AFLAC, Inc., formerly American Family Corporation, the appellee/plaintiff, brought the instant action against Peter Williams, appellant/defendant, seeking declaratory relief as to the enforceability of an agreement in which the chairman of AFLAC agreed to retain Williams to provide legal representation to the corporation for a seven-year period, beginning on January 1, 1988. AFLAC terminated the contractual agreement on June 24, 1991. Williams responded to the declaratory action, and asserted counterclaims against AFLAC and employees of the corporation for damages, based upon AFLAC's breach of the 1987 contract. Thereafter, Williams moved to dismiss AFLAC's declaratory action based upon the failure of the corporation to state a claim upon which relief can be granted, and AFLAC moved for a judgment on the pleadings, or in the alternative, for summary judgment. Following a hearing on the motions, as well as AFLAC's motions to dismiss Williams' counterclaims and to compel discovery, the trial court granted AFLAC's motion for summary judgment on Count 1 of the plaintiff's complaint and on Williams' counterclaims. 1 Without explanation, the trial court concluded that the purported contract between the parties was null and void, and, therefore unenforceable. This appeal followed. 2
It is undisputed that Williams had been providing legal services to AFLAC for several years prior to 1987. On December 11, 1987, Williams and John Amos, chairman and chief executive officer of AFLAC, discussed the continuation of Williams' representation of the corporation, and mutually decided to execute their agreement in writing. John Amos signed the December 11, 1987, agreement on behalf of AFLAC, whereby the corporation agreed to retain Williams for legal representation for a seven-year period beginning January 1, 1988, at a rate of $4,950 per month for the calendar year of 1988, with the monthly rate increasing to $7,500 per month on January 1, 1992, $10,000 per month on January 1993, and for the period thereafter, the retainer would increase by $12,000 per year. The agreement was subject to automatic renewal on the same terms, beginning December 31 1995, for an additional five years, unless terminated for just cause at least 90 days prior to the expiration of the term. Upon such termination, AFLAC would be responsible for damages in an amount equal to 50 percent of the sums under the remaining terms, plus renewal of the agreement.

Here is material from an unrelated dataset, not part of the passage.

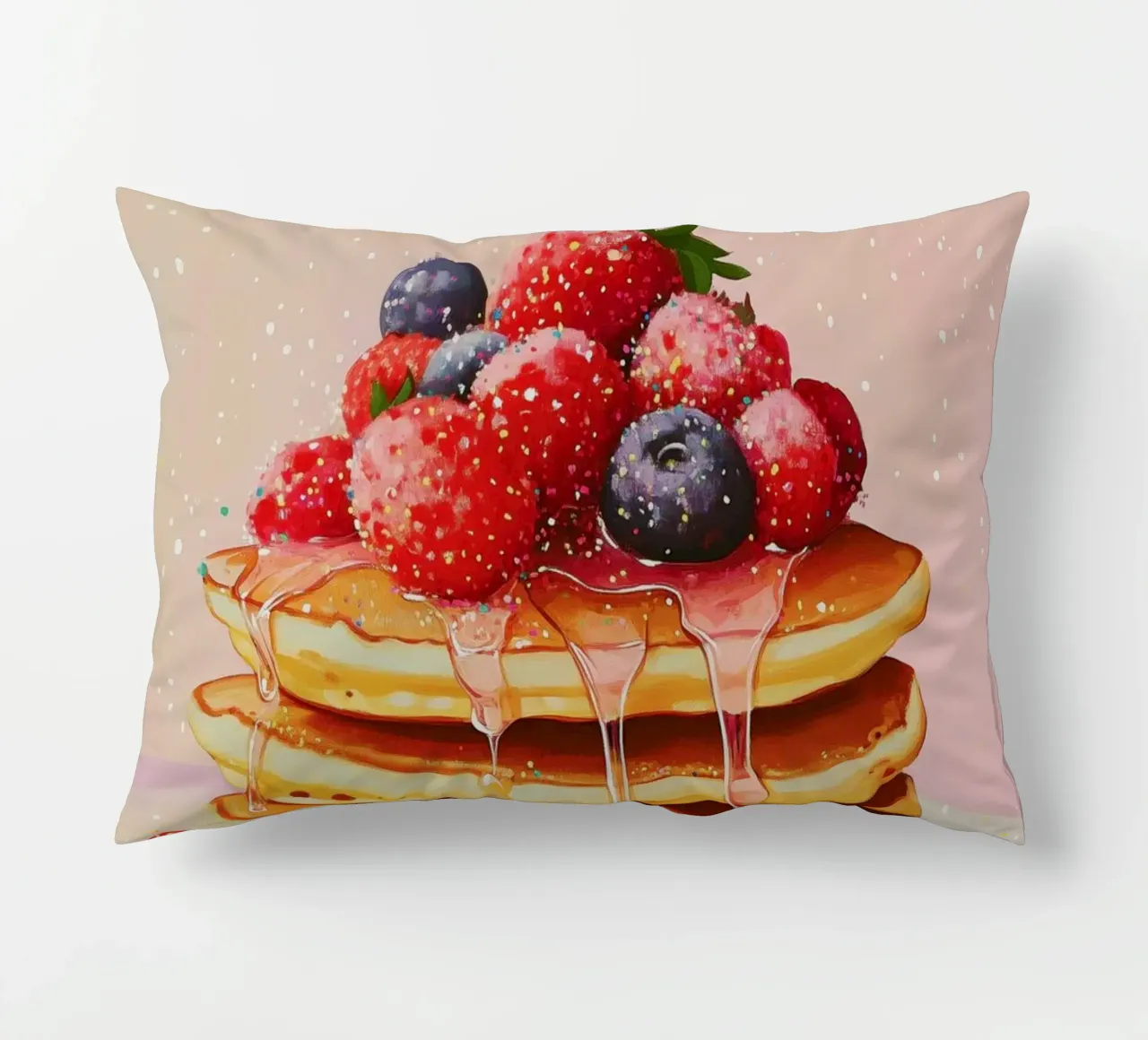 Pancake alla fragola cuscino da Melloi Art Print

On June 24, 1991, Daniel Amos, the nephew of John Amos, notified Williams by a letter of that date that the corporation was "in the process of centralizing all expenses for outside legal fees. As a result of this audit procedure, I am directing that, effective immediately, the retainer being paid to you cease." In a follow-up letter of July 8, 1991, Daniel Amos stated that Salvador Diaz-Verson, president of the company, had informed him that a written agreement existed concerning the fee arrangement. He further stated that he was "under the impression that Sal had been keeping you informed on where we stood in this matter since he had indicated such in his memo to me." Upon receipt of the July 8, 1991, letter, Williams demanded the payment of damages pursuant to the written agreement, attorney fees and expenses of any litigation. Based upon AFLAC's alleged concern as to the validity of the contract, this action was filed on July 30, 1991.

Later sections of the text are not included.